The political questions that Shakespeare plays with, especially in light of scepticism about the claims of established authorities, and in light of the claims of justice in worlds of exploitation, oppression, and violence, are still the questions of political theory. The problems that we meet in Shakespeare’s dramas are wrestled with by thinkers associated with the developing tradition of republicanism; by those who later developed and promoted the claims of individual liberty and right that we associate with liberalism; by those who focus on how to dismantle structures of exploitation and oppression and achieve the egalitarian justice that we associate with modern socialism; and by the feminist challengers of all forms of hierarchical, sex- or gender-based authority whether conservative, liberal, republican, or socialist. The category republican, and the rival ideas of monarchy, clearly and explicitly were meaningful to Shakespeare. The other three are more modern categories. The study of political thought focuses on conceptual change—on how arguments about authority, say, or sovereignty, cannot be presumed to be about exactly the same thing across contexts and times.

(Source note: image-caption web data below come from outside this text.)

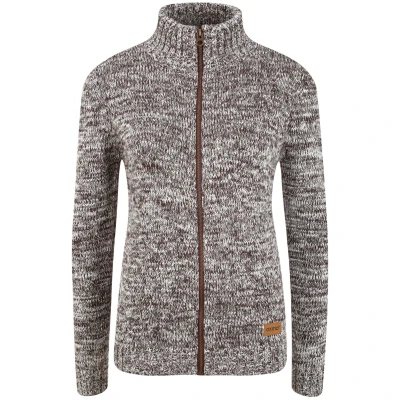 Abbildung von Oxmo Oxphenix Strickjacke, Damen, Größe: XXL, Coffee bea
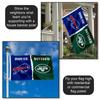 Bills and Jets House Divided Flag Rivalry Banner view 3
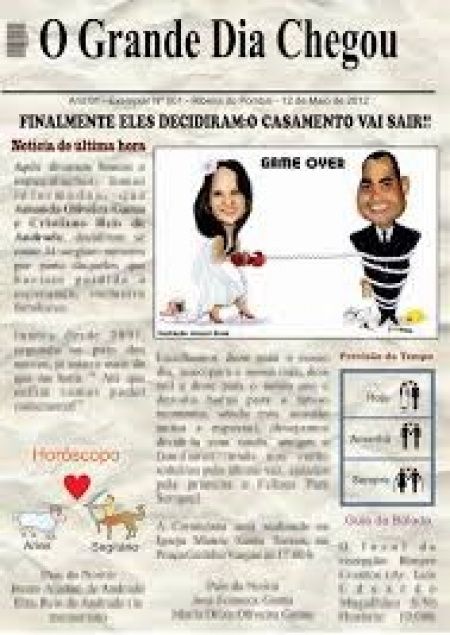 Convite de casamento - caricatura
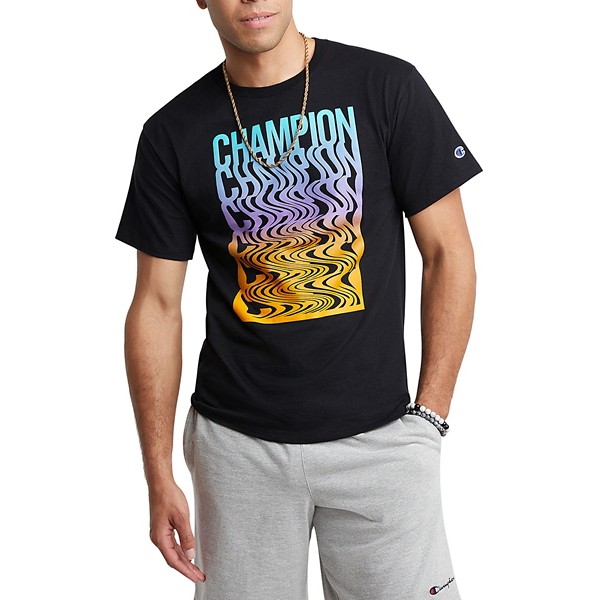 Men's Champion Melting Graphic Classic Graphic T-Shirt product image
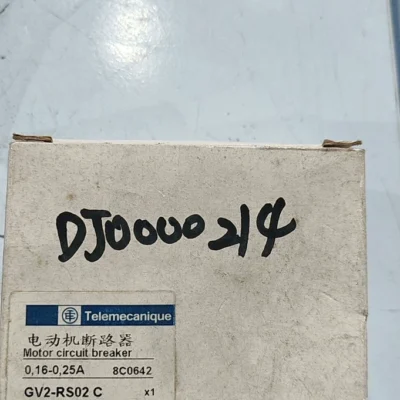 Motor Protection for Pumps Schneider GV2-RS02C Breaker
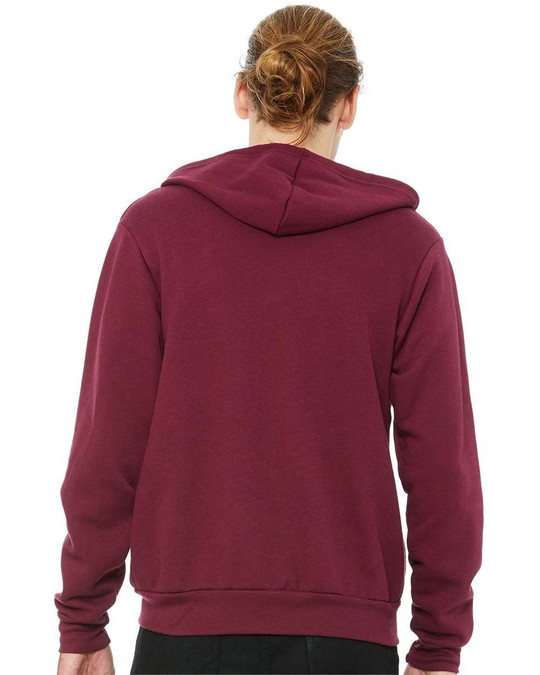 Bella+Canvas 3739 - Buzo unisex con cierre y capucha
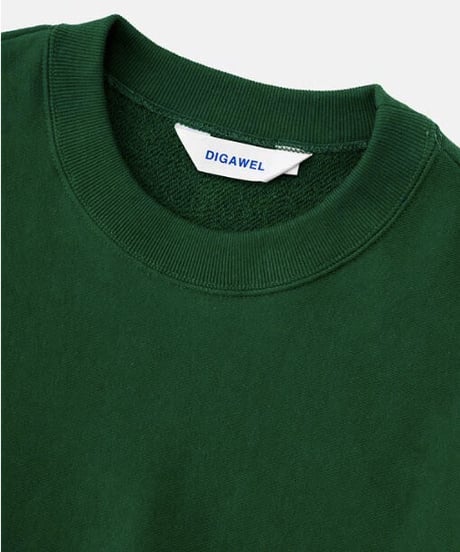 DIGAWEL  Reverse Weave Sweat Shrit【GREEN】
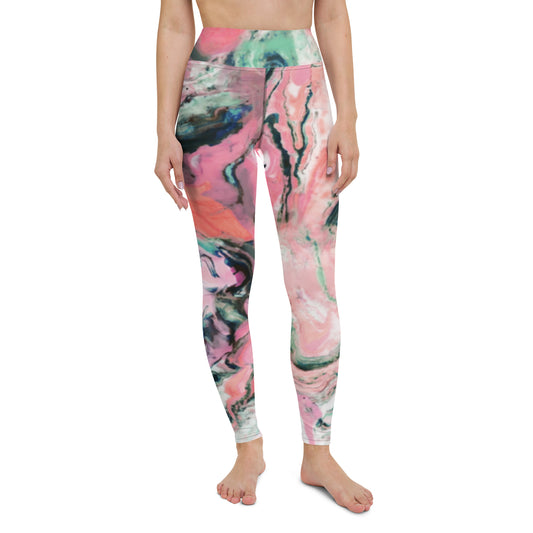 Marble Yoga Leggings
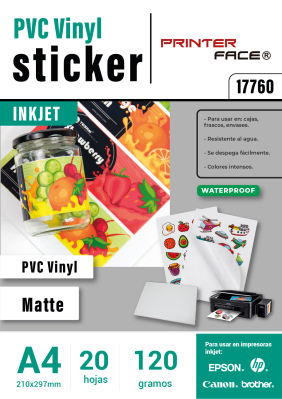 Pvc Matte 120Gr A4 X 20H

I discuss some tricky issues of interpretation in what follows. But the claims of individuals against established social and political authorities; the claims of women against men; and the opposing pulls of the egalitarian social justice later associated with socialism, and the established stable social order ever prized by conservatives, are puzzles that were recognizable to Shakespeare, and which turn up as themes, or as structures, in his plots. I emphasize these problems as puzzles. My aim is absolutely not to ask why, for instance, Shakespeare falls short according to the lights of modern or post-modern feminism, or socialism, or theories of freedom. The point of examining Shakespeare’s treatments of the puzzles of political power is to ask why what seems to have made sense to him did make sense, and to examine how it was that what evidently was taken for granted was so, and why what are presented as problems are problems.